Stewart Bainum Jr is reported to have bid US$650 million (A$840 million) for the whole group.The sum is ten times what he was to pay for Tribune's Baltimore Sun, and is a bid to 'top and stop' the US$630 million offered and agreed with Alden, known in the industry for its harsh asset cuts. The offer emerged in a filing to the US Securities and Exchange Commission earlier this week in which shareholders freed Bainum from a confidentiality agreement so he can talk about - and gain support for - a full counter-offer.
Failing that, the Tribune board had agreed the Alden offer. It was suggested that under Bainum, Tribune's future could be as a not-for-profit.
Tribune owns a range of metro mastheads also including the Chicago Tribune, Orlando Sentinel and New York Daily News.
Alden is already the largest shareholder in Tribune, with 31.6 per cent and three seats on its board.

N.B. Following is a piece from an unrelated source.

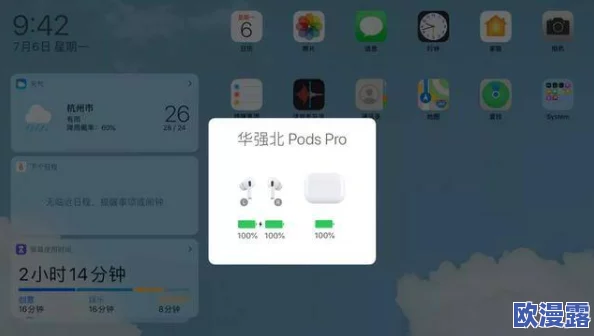 杏吧 pro：这款应用真不错，界面简洁易用，功能强大，非常推荐给大家！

Last February, Tribune made a nonbinding agreement for Bainum - who is chairman of Choice Hotels International - to acquire the Baltimore Sun, (Annapolis) Capital Gazette and Carroll County (Maryland) Times.
• Bainum may now be joined by two further investors. Swiss billionaire Hansjörg Wyss and tech investor Mason Slaine each say they will contribute US$100 million to Bainum's bid.
Florida-based Slaine, who holds 3.4 per cent of Tribune Publishing, says his interest is in the two mastheads in his home state, the Orlando Sentinel and (Fort Lauderdale) Sun Sentinel.
Tribune's board - on which Alden has three seats - is currently backing the Alden bid despite the higher offer. An earlier version of this report referred to Philadelphia in error.